Diriwayatkan bahwa Imam Syafi’i pernah berkata kepada Imam Ahmad bin Hanbal, yaitu murid beliau sendiri Ar-Rabi’ul Murady yang berisi ajaran dan fatwa-fatwa Imam Syafi’i, Kitab itu sangat termasyhur dan terkenal diberbagai penjuru, yang bernama Al-Umm. sebuh Kitab besar yang terdiri dari 7 Jilid tebal, yang amat teratur, dimasing-masing bab membahas masalah-masalah tertentu dalam Ilmu Fiqih. Madzhab Imam Syafi’i telah dikenal oleh umumnya terdiri dari 2 macam Fatwa, yaitu Madzhab Qodim dan Madzhab Jadid. Madzhab Qodim memuat semua fatwa beliau baik yang tertulis ataupun yang terucapkan selama di Iraq.

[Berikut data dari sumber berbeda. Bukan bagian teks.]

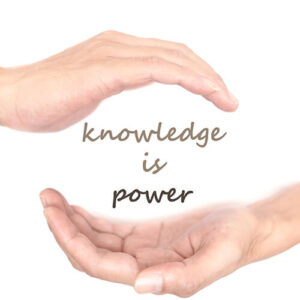 Words 'Knowledge Is Power' Held In Hands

Sedangkan Madzhab Jadid berisikan semua fatwa-fatwa yang beliau tulis atau yang beliau fatwakan dengan Lisan selama beliau tinggal di Mesir.

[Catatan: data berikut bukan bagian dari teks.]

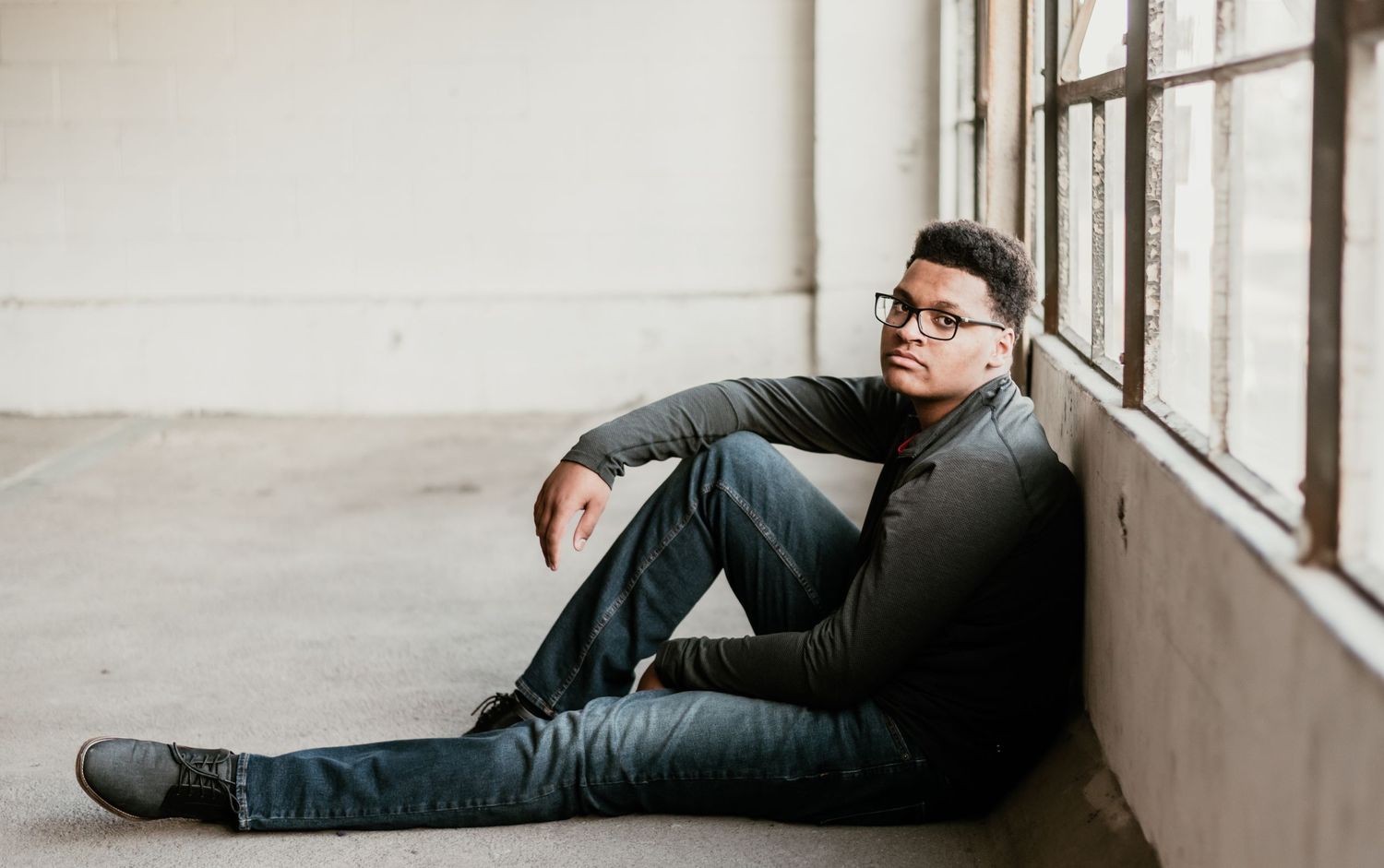 A person wearing dark clothing lies on their side along a white wall with windows.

Ternyata setelah beliau tinggal di Mesir beliau banyak mendengar Hadits-Hadits yang belum pernah beliau dengar dan diketahui selama di Iraq. Sehingga berubahlah Fatwa beliau dari apa-apa yang pernaah beliau Fatwakan sebelum tinggal di Mesir. Dan tidak sedikit pula pengaruh Ulama-Ulama Mesir, pengaruh keadaan Masyarakat Mesir yang berlainan dengan keadaan di Iraq dan Hijaz.

4. Wafatnya Imam Syafi’i
Beliau menata kesibukannya sepanjang hidupnya. Yang ada dalam aktifitasnya hanyalah menuntut ilmu dan dakwah. Beliau menyibukkan diri berdakwah, karena kesibukannya berdakwah dan menebar atau mengamalkan Ilmu, beliau menderita penyakit Bawasir yang selalu mengeluarkan darah. Semakin lama penyakit yang dialaminya semakin parah, Hingga akhirnya beliau wafat karenanya. Beliau wafat pada malam Jum’at setelah Shalat Isya’ hari terakhir Bulan Rajab permulaan tahun 204 dalam usia 54 tahun. Semoga Allah SWT memberikan rahmat-Nya yang luas.

Ar-Rabi menyampaikan bahwa Dia bermimpi melihat Imam Syafi’i, Sesudah wafatnya, Dia berkata kepada beliau ”Apa yang telah diperbuat Allah kepadamu, wahai Abu Abdillah……?” beliau menjawab “ Allah mendudukkan aku diatas sebuah Kursi emas dan menaburkan pada diriku mutiara-mutiara yang halus.” Betapa mulyanya kedudukan beliau hingga Allah SWT memberikan sesuatu yang sangat berharga yang tidak bisa di tukar dengan suatu barang yang berharga apapun.